> _Stored entries_

------------------------------

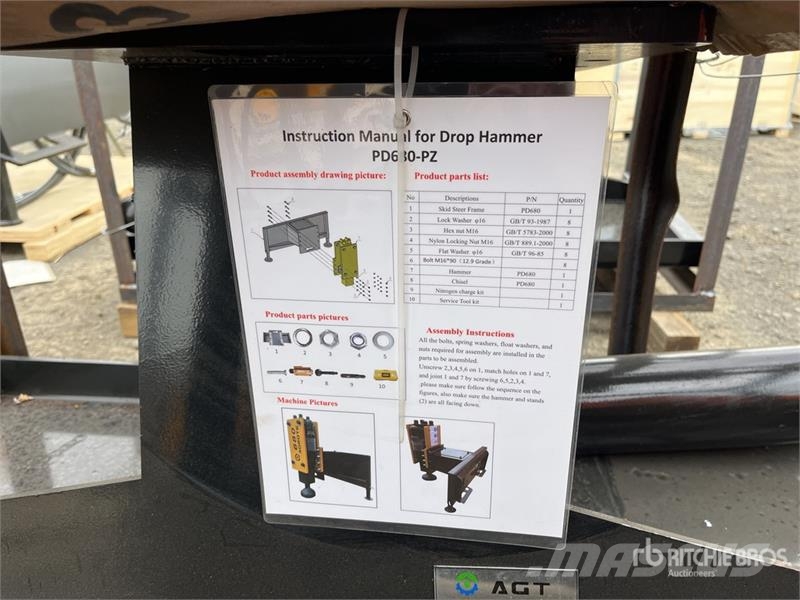 AGT PD680-PZ Hydraulic Skid Steer Post Driver (Unused) Fencing equipment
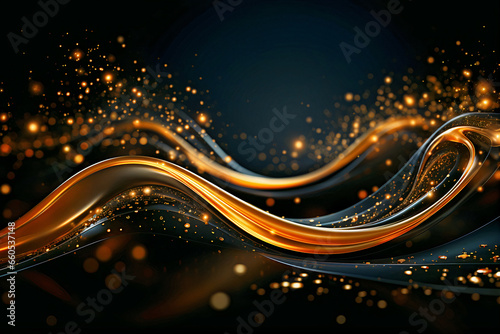 Unusual moving stream of gold and black waves with gold shiny particles,background. Generative AI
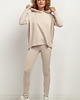 legginsy Spodnie dresowe legginsy T382, jasnobeżowe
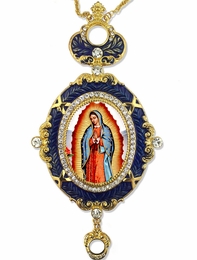 Our Lady of Guadalupe, Blue Enameled Icon Ornament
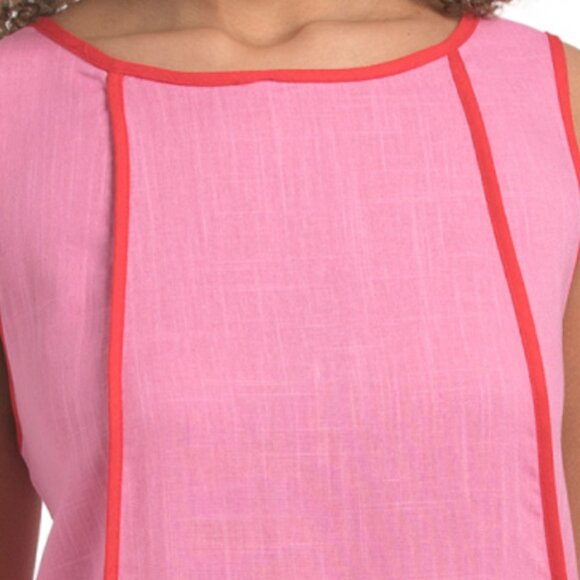 WHITE CLOSET Linen Blend Sleeveless Maxi Dress With Contrast Trim - Picture 3 of 3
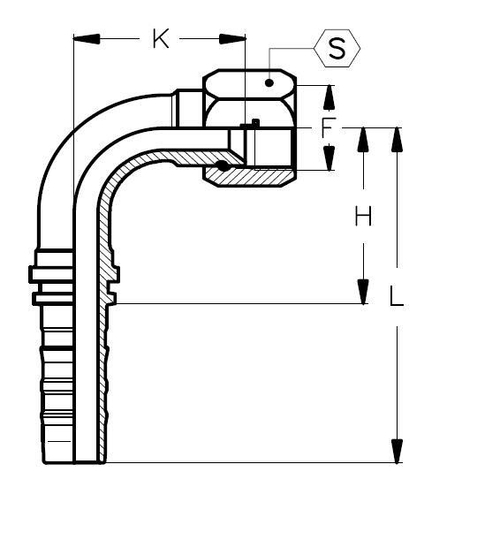 Фитинг DN 20 JIC (Г) 1.3/16 (90) CS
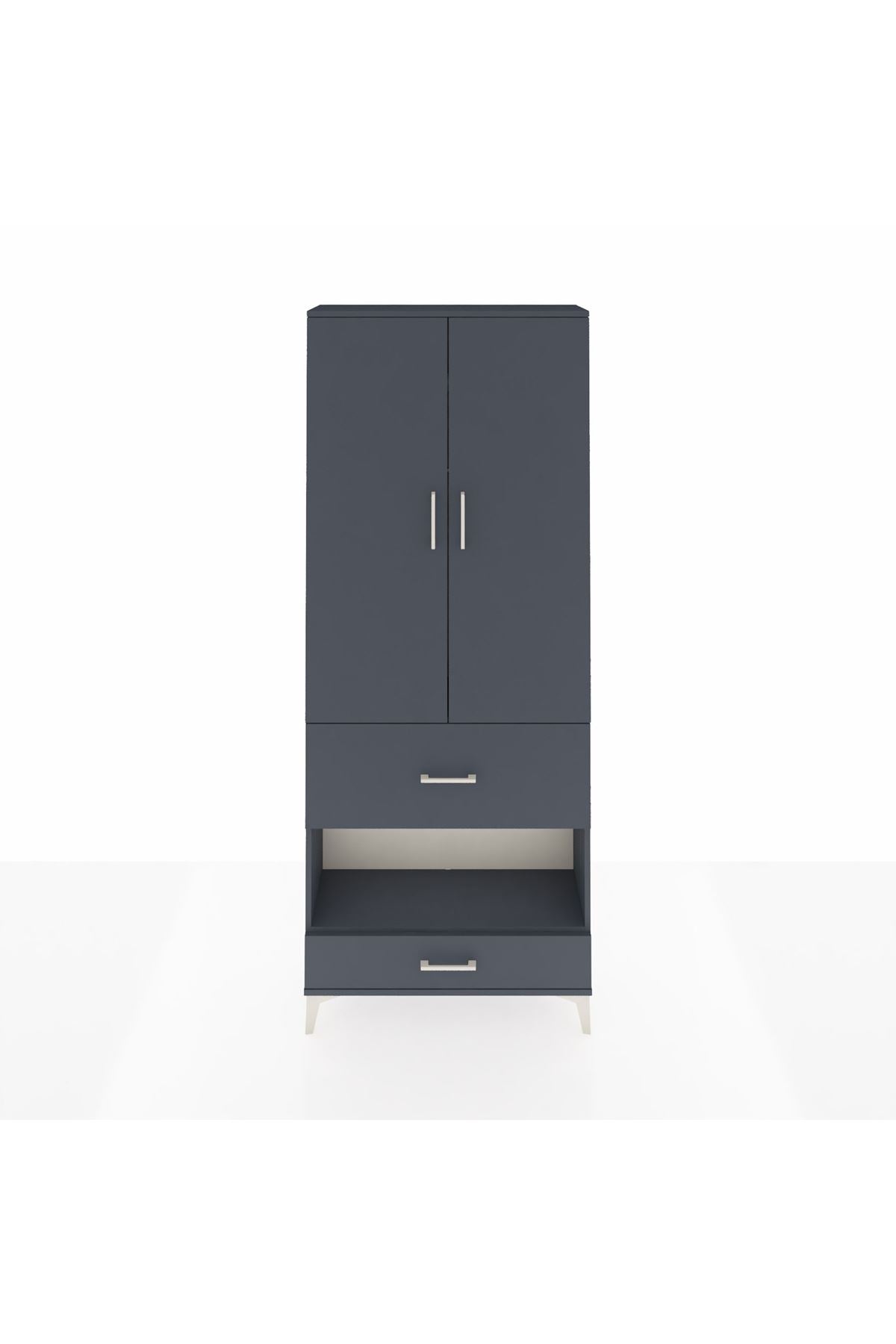 Arges Dolap 3 Raflı 2 Çekmeceli Tek Askılı 88x30x221 Antrasit-Antrasit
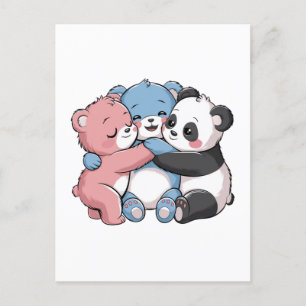 Cute Teddy Bears with Panda Postcard
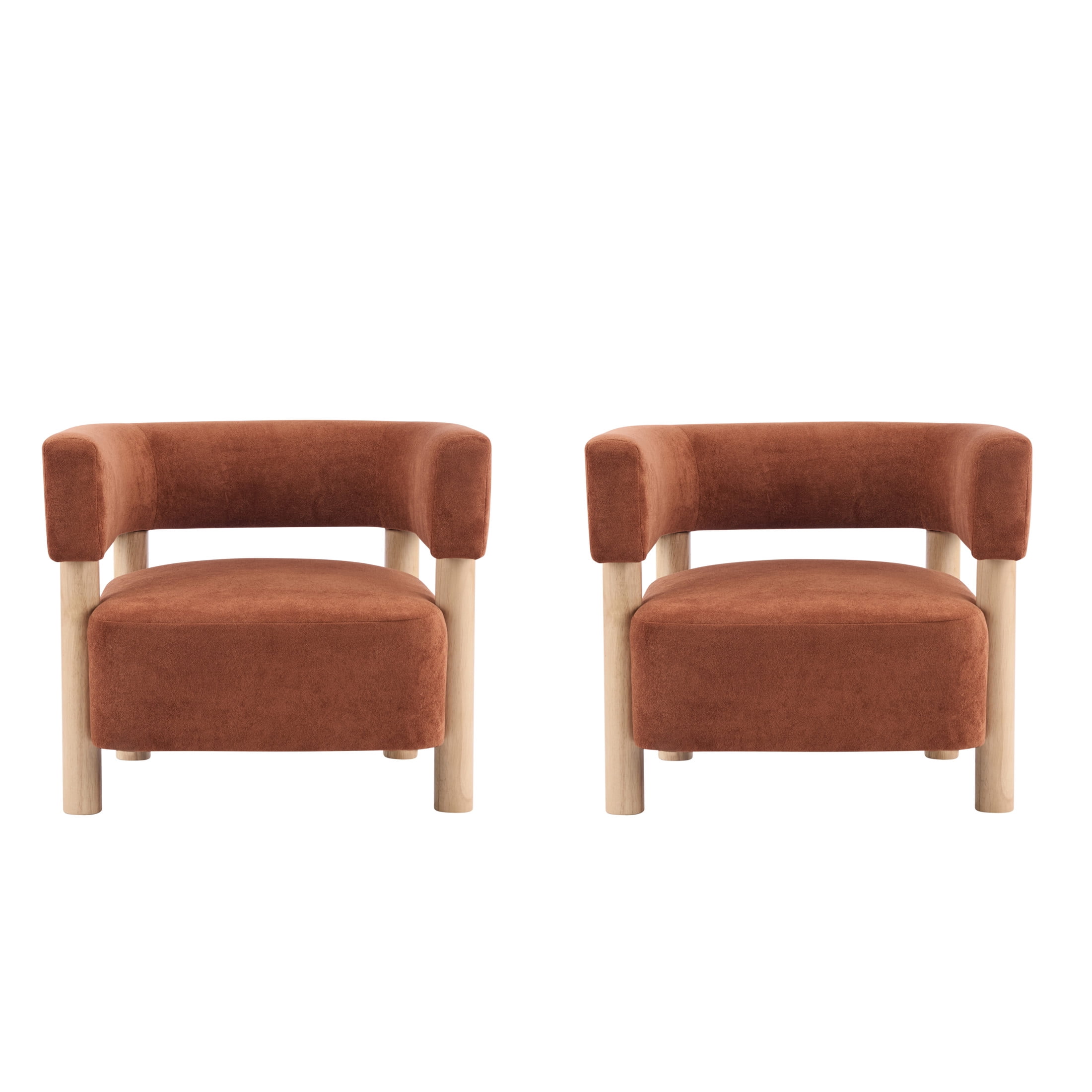 Christopher Knight Home Modern Boucle Upholstered Accent Chair, Lounge Chair with Solid Wood Legs, Burnt Orange, Set of 2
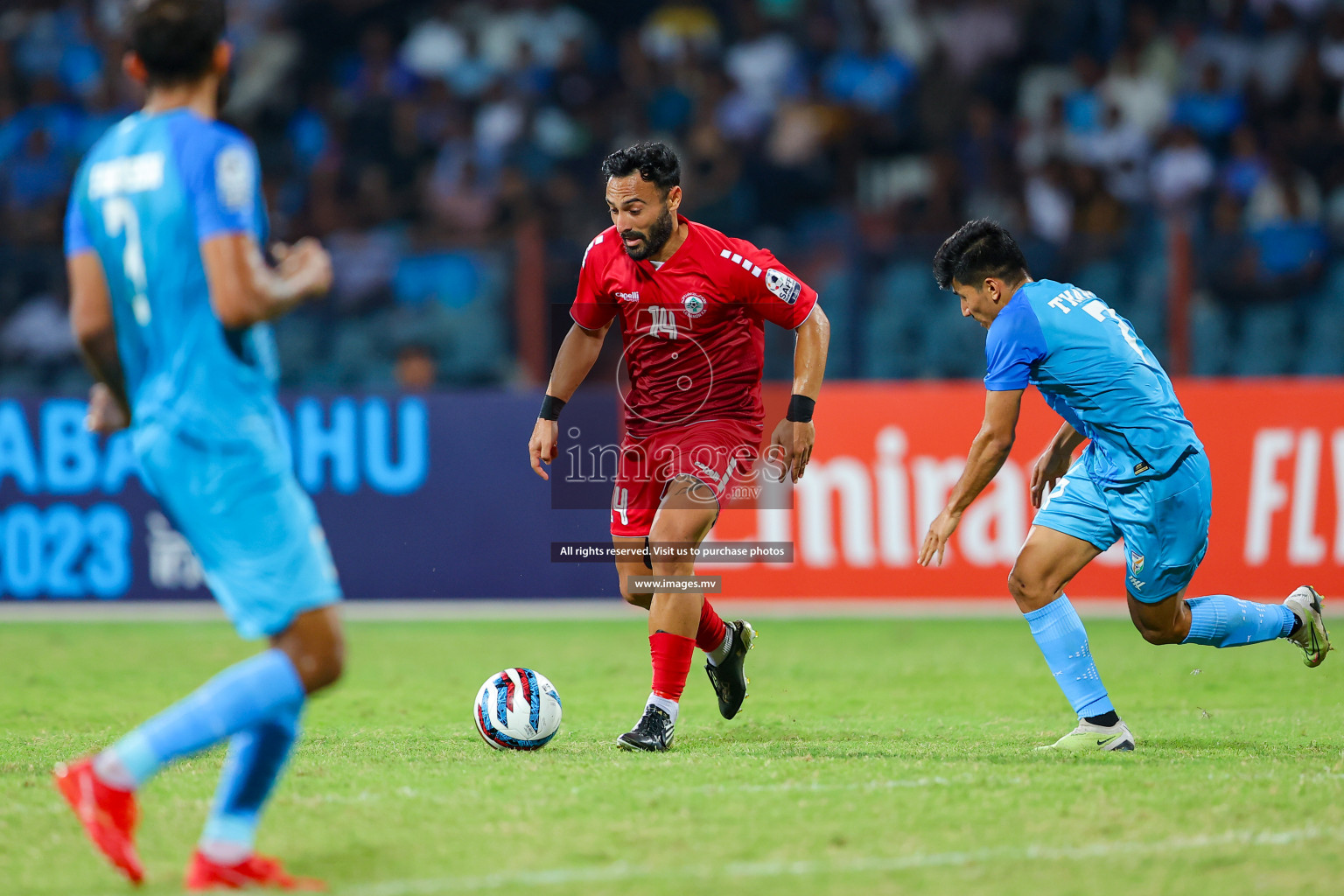 Lebanon vs India in the Semi-final of SAFF Championship 2023 held in Sree Kanteerava Stadium, Bengaluru, India, on Saturday, 1st July 2023. Photos: Nausham Waheed, Hassan Simah / images.mv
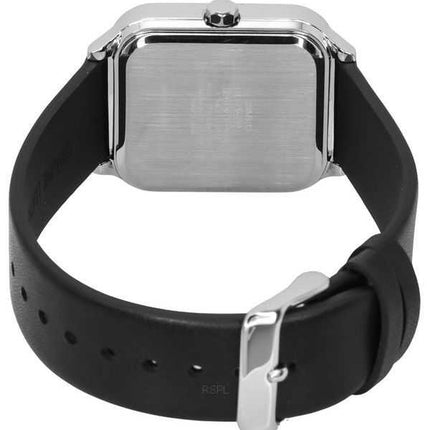 Orologio da uomo Casio standard analogico con fasi lunari, cinturino in pelle, quadrante bianco, quarzo MTP-M305L-7A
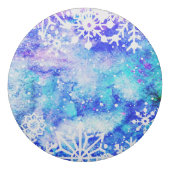 Blue Snowflake Watercolor Eraser (Front)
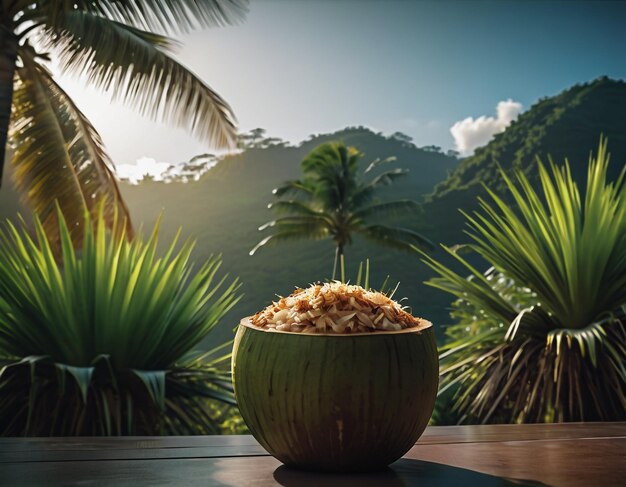 Foto un jugo especial de verano presentado por el coco en una zona tropical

------------------------------

> _TRY IT_
Write out, exactly and with nothing added, every line from the one that holds "Christopher Knight Home" to the end of the entries above; pictures stay out.

> _OUTPUT FOR THIS EXERCISE_
 Christopher Knight Home Modern Boucle Upholstered Accent Chair, Lounge Chair with Solid Wood Legs, Burnt Orange, Set of 2
 Lebanon vs India in the Semi-final of SAFF Championship 2023 held in Sree Kanteerava Stadium, Bengaluru, India, on Saturday, 1st July 2023. Photos: Nausham Waheed, Hassan Simah / images.mv
 Orologio da uomo Casio standard analogico con fasi lunari, cinturino in pelle, quadrante bianco, quarzo MTP-M305L-7A
 Blue Snowflake Watercolor Eraser (Front)
 Foto un jugo especial de verano presentado por el coco en una zona tropical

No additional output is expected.